### Brief descriptive captions

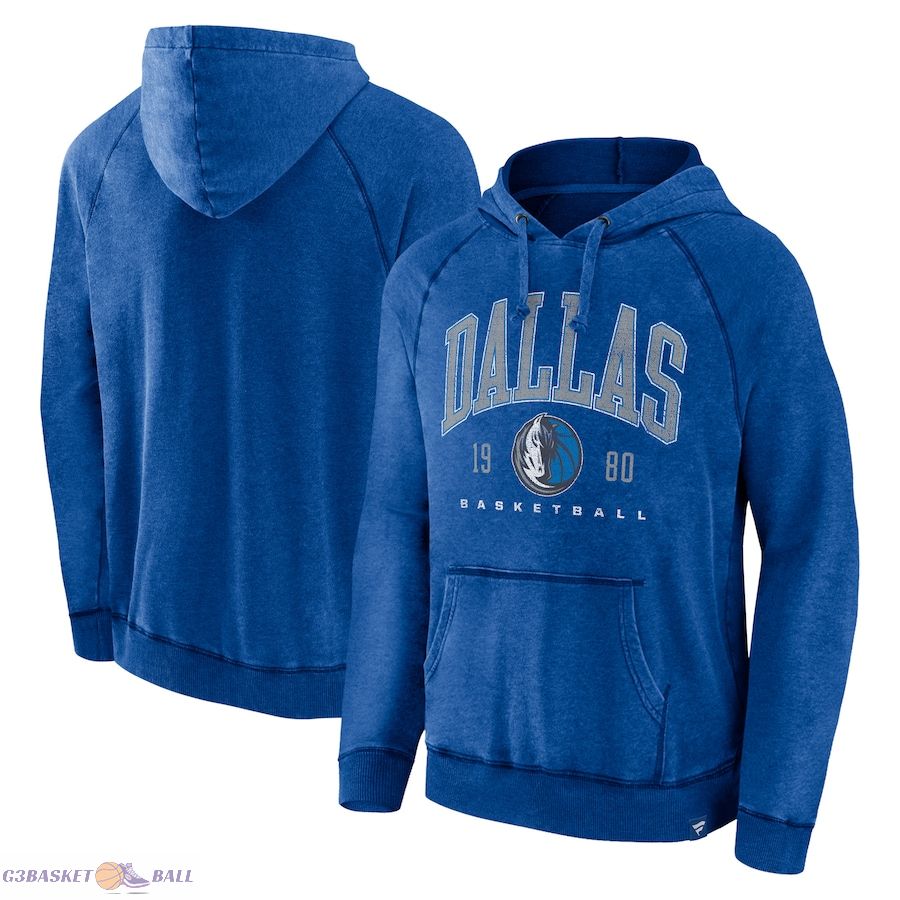 Men's Dallas Mavericks Fanatics Heather Blue Foul Trouble Snow Wash Raglan Pullover Hoodie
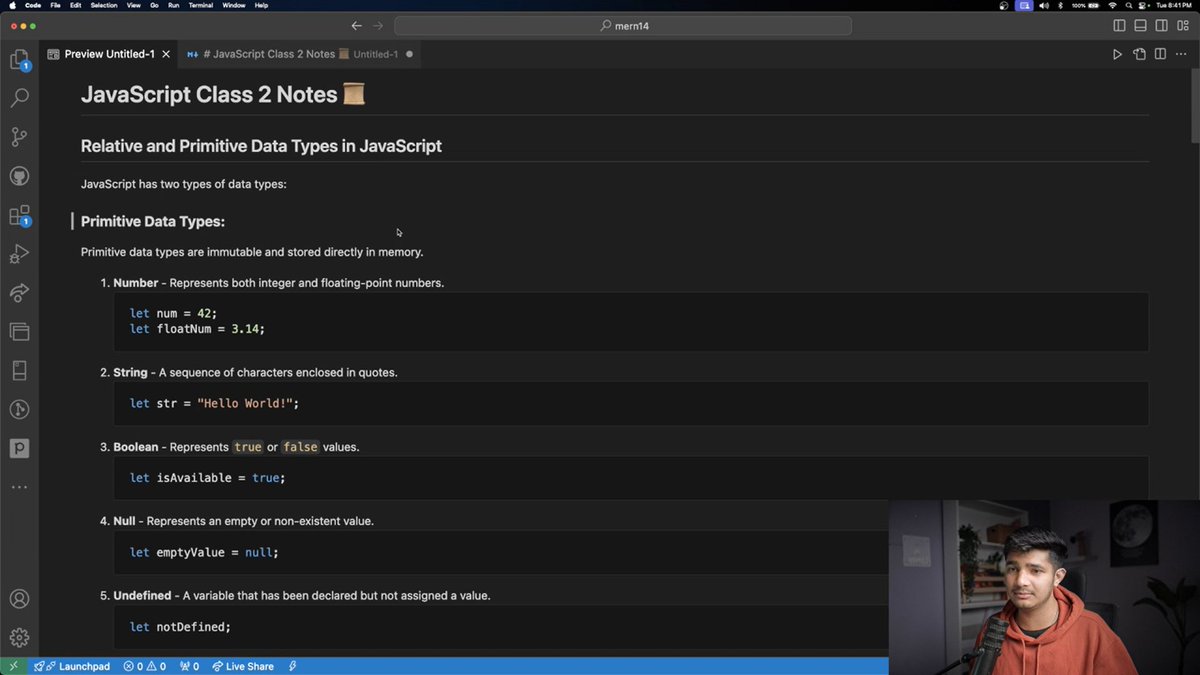 webwithaman's tweet image. 🚀 Class 17 of the Job Ready AI Powered Cohort by @sheryians_ (Sheryians Coding School)

📚 Today's Focus:
✅ Data types in JS
✅ Operators 
✅ Conditional statements 
✅ Loops

@harshbhaiyaa #Day17 #Class17 #100DaysOfLearning #100DaysOfCode
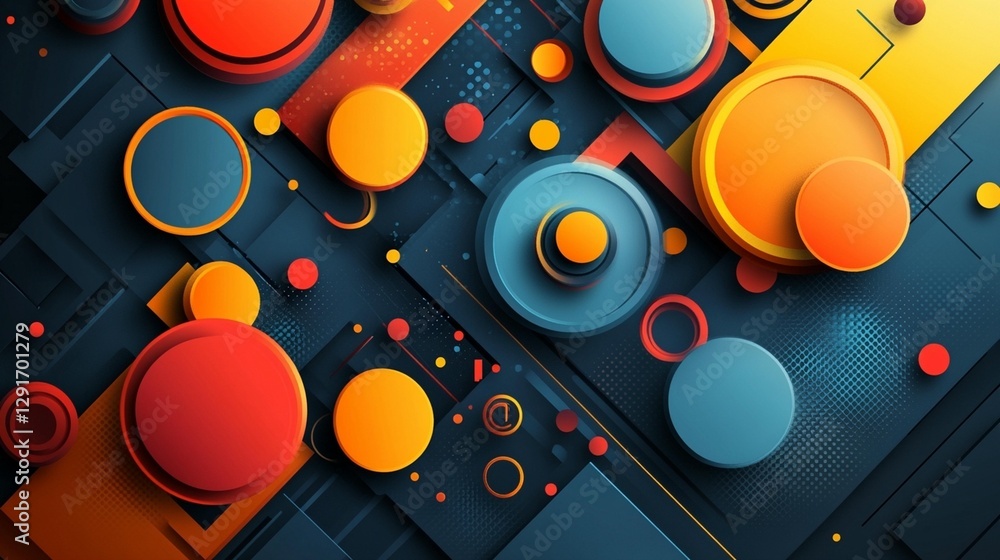 Poster abstract geometric background with overlapping circles and squares in orange, blue, and red hues on 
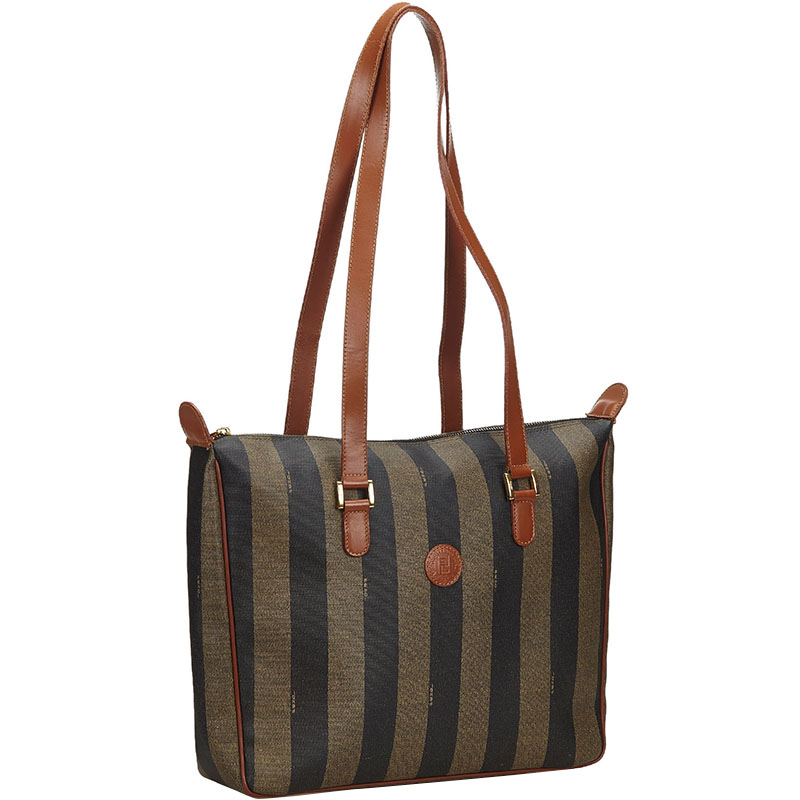 

Fendi Brown/Blue Pequin Canvas Tote Bag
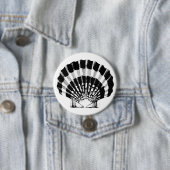 Seashell - zwart-wit ronde button 7,6 cm (In situ)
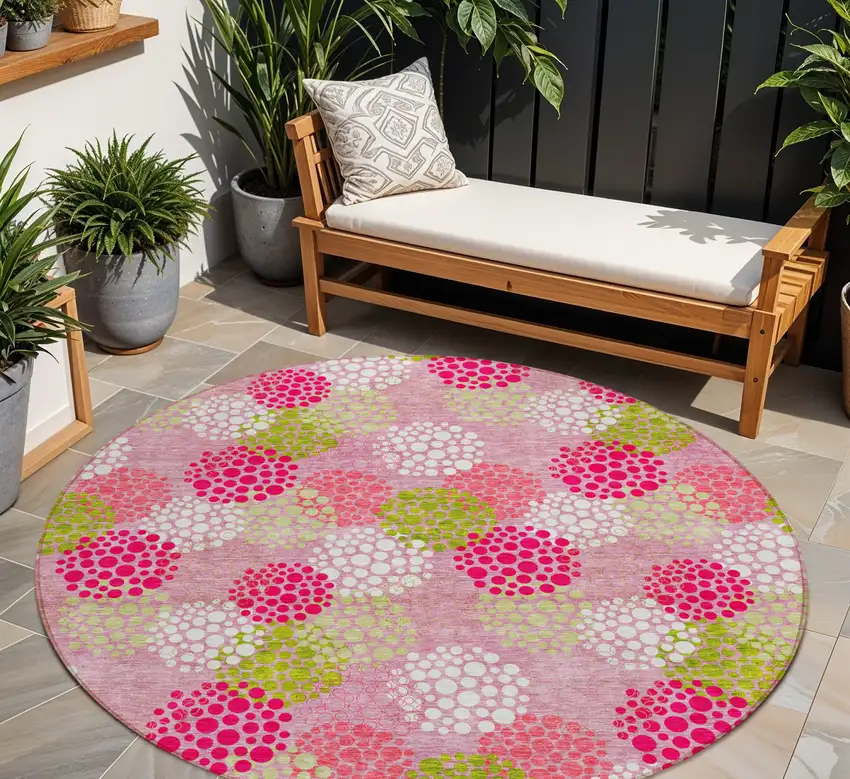 8' Pink Green And Ivory Round Polka Dot Washable Indoor Outdoor Area Rug Photo 1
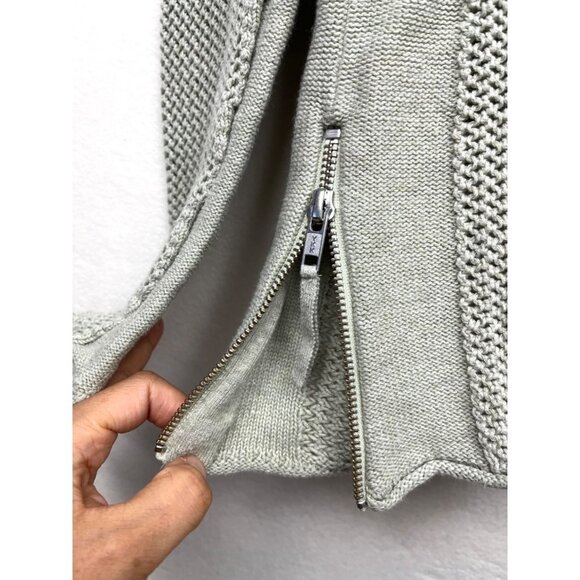 WRAP London Mesh-Stitch Sweater‎ with Side Slit Zipper size 12 Soft Olive - Picture 9 of 9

### Work request
Restate word for word the lines starting at the one that contains "Poster abstract geometric" and ending at the last line of the data. Skip every picture.

### Result of this task
 Poster abstract geometric background with overlapping circles and squares in orange, blue, and red hues on 

Fendi Brown/Blue Pequin Canvas Tote Bag
 Seashell - zwart-wit ronde button 7,6 cm (In situ)
 8' Pink Green And Ivory Round Polka Dot Washable Indoor Outdoor Area Rug Photo 1
 WRAP London Mesh-Stitch Sweater‎ with Side Slit Zipper size 12 Soft Olive - Picture 9 of 9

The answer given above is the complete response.